Deploying a Profile

A newer version of this documentation is available. Use the version menu above to view the most up-to-date release of the Greenplum 5.x documentation.

A PXF profile encapsulates access to a specific format of data from a specific external data source using a simple name. PXF is installed with HDFS, Hive, and HBase connectors that expose a number of built-in profiles supporting specific data formats in these data stores. The PXF Profiles section in the PXF end user documentation identifies the list of PXF built-in profiles.

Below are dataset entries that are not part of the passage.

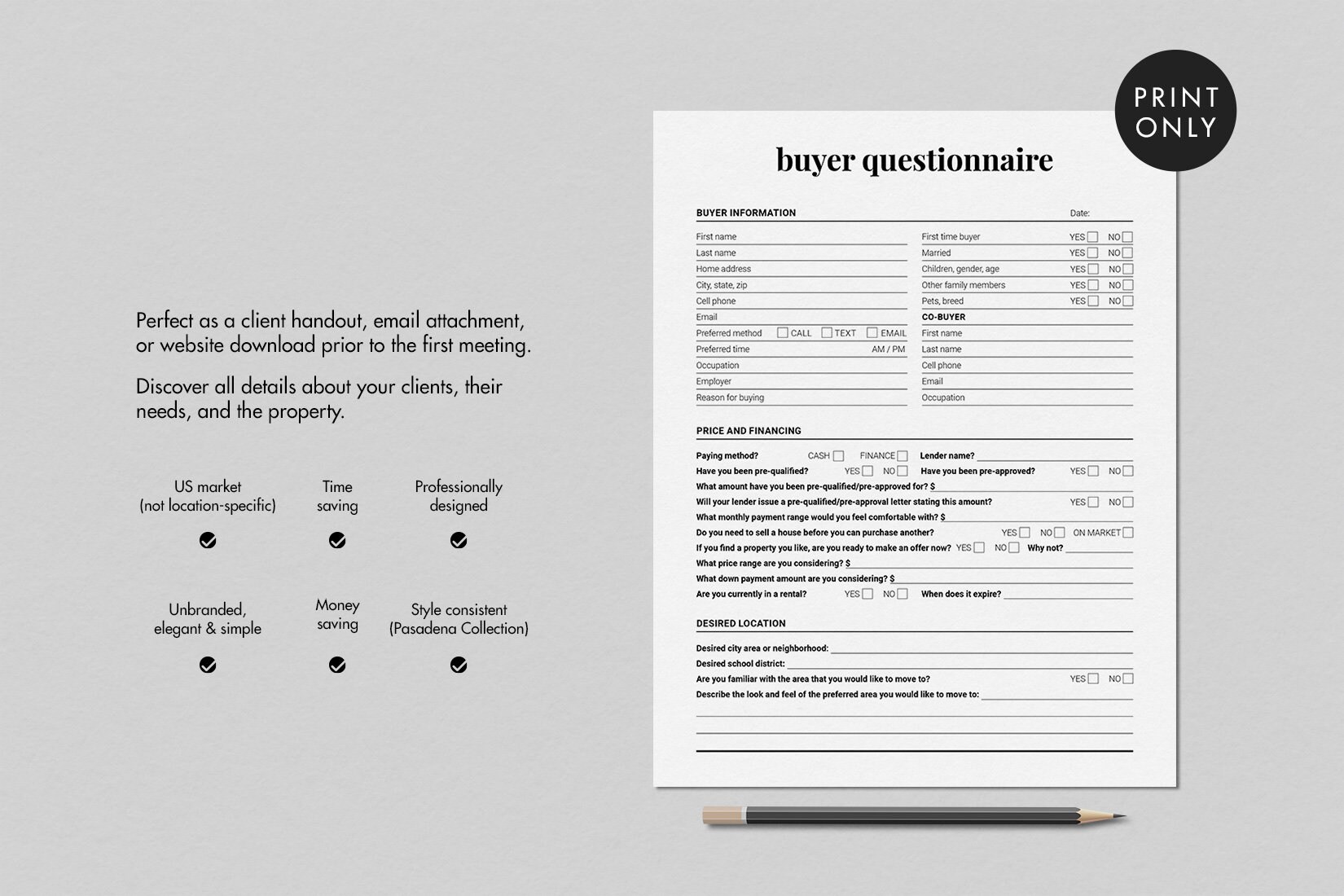 Real Estate Buyer Questionnaire Buyer Consultation Form Etsy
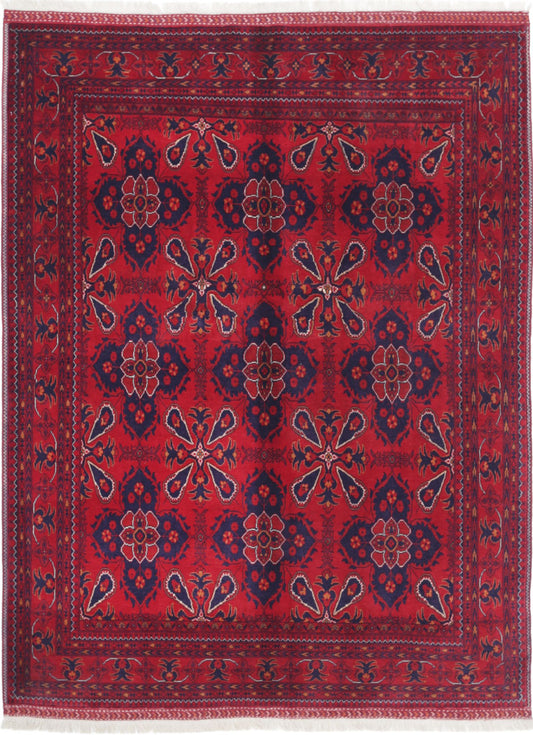 Tribal Hand Knotted Afghan Beljik Wool Rug of Size 4'10'' X 6'3'' in Red and Red Colors - Made in Afghanistan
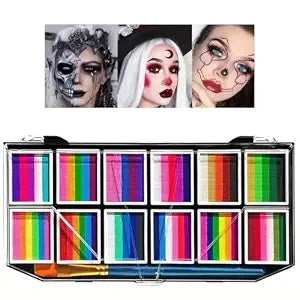 12 Colors Face Body Paint Palette, Water Activated Split Cake Face Paint Kit with Brush, Non Toxic Rainbow FX Makeup for Halloween, Cosplay, Festivals & Parties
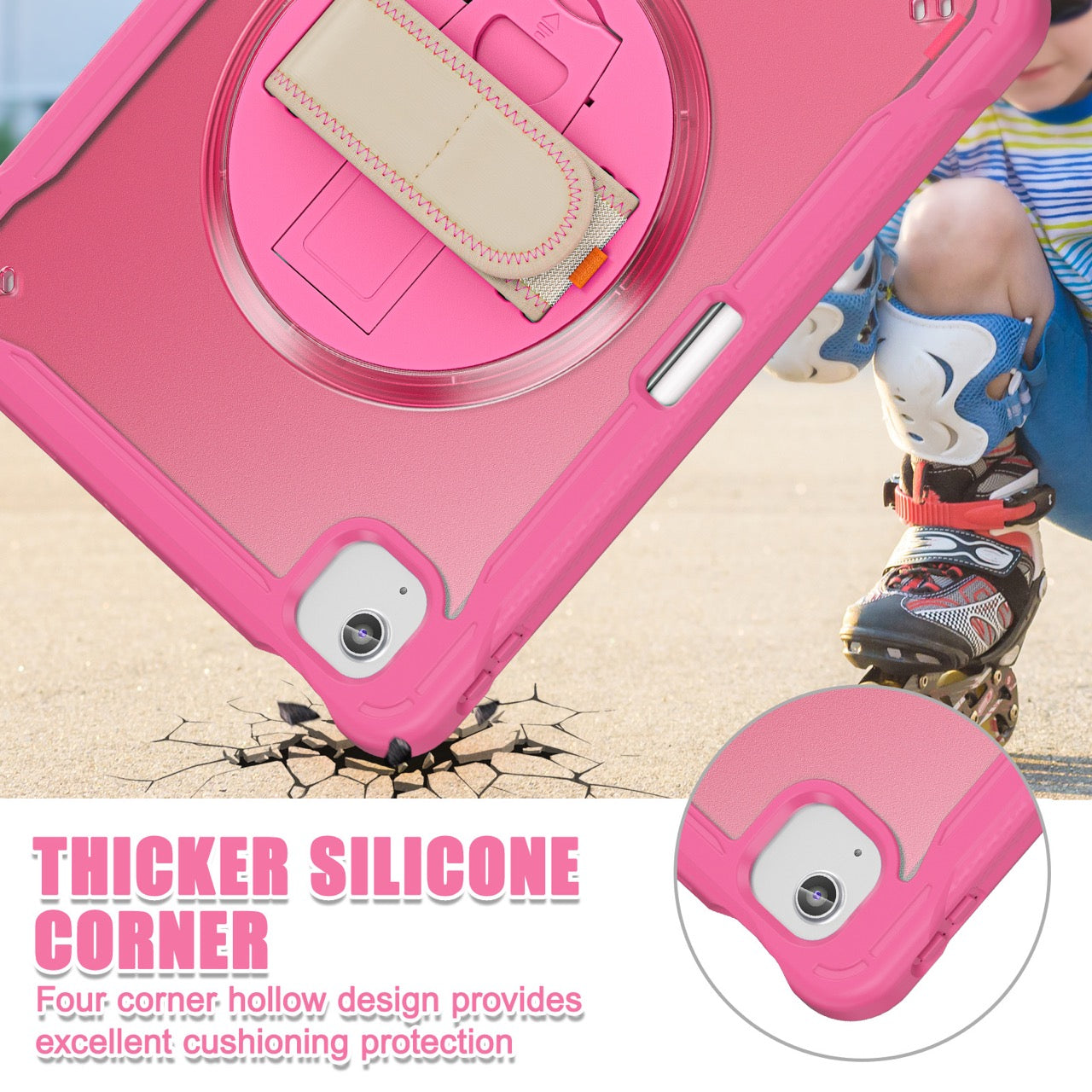 iPad Air 11" / 10.9" Rugged Case - 360° Stand, Hand & Shoulder Strap - Shockproof (M2/M3/M4) - Rose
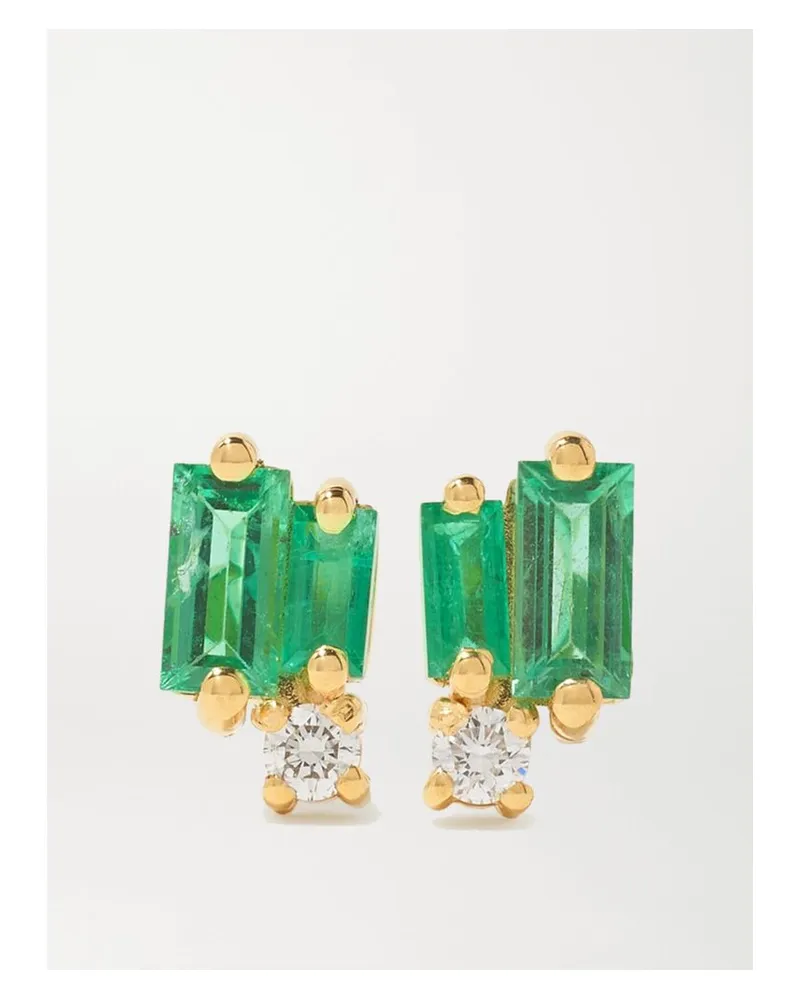 Suzanne Kalan Ohrstecker Aus 18 karat Gold Mit Smaragden Und Diamanten Gold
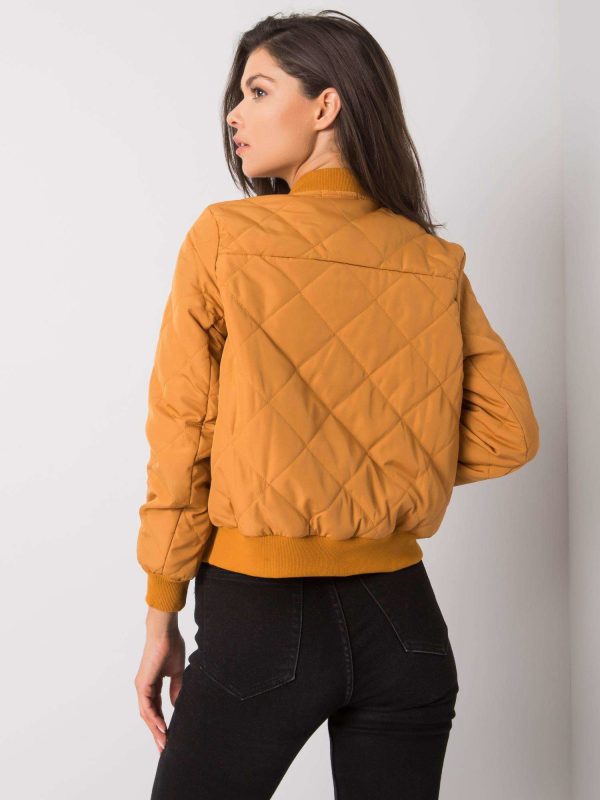 Camelowa pikowana kurtka bomberka Sherise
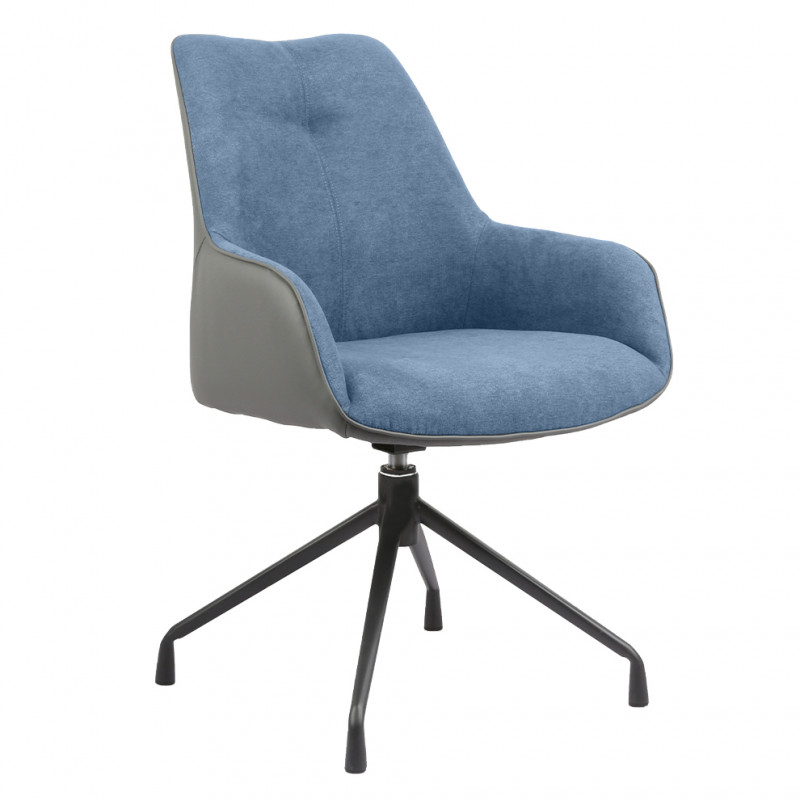 Fauteuil rotatif avec accoudoirs en tissu bleu chiné et simili gris avec 4 pieds en métal noir - ELLA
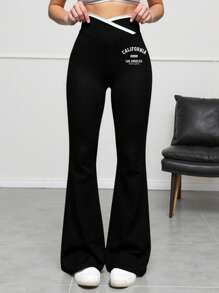 SHEIN Teen Girls' High Waist Flared Yoga Pants, Stretchy & Comfortable Workout Leggings, Versatile Flared Leggings Fall Winter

As a developer using the PXF SDK, you may extend the plug-in classes of PXF built-in connectors or you may implement your own plug-in classes. You or the Greenplum Database administrator may then choose to register and deploy one or more connector profile definitions as a convenience for the end user.

Constructing a Profile Definition

A profile definition for a connector is an XML block that identifies the name of the profile, a description, and the plug-in classes that implement access to the external data source.

<profile>
    <name>profile_name</name>
    <description>profile_description</description>
    <plugins>
        <fragmenter>fully.qualified.fragmenter.classname</fragmenter>
        <accessor>fully.qualified.accessor.classname</accessor>
        <resolver>fully.qualified.resolver.classname</resolver>
    </plugins>
</profile>

The profile <name> provides a simple mapping to the <plugins> classes. The Greenplum Database end user provides the profile name or the Java plug-in class names when creating an external table to access the external data.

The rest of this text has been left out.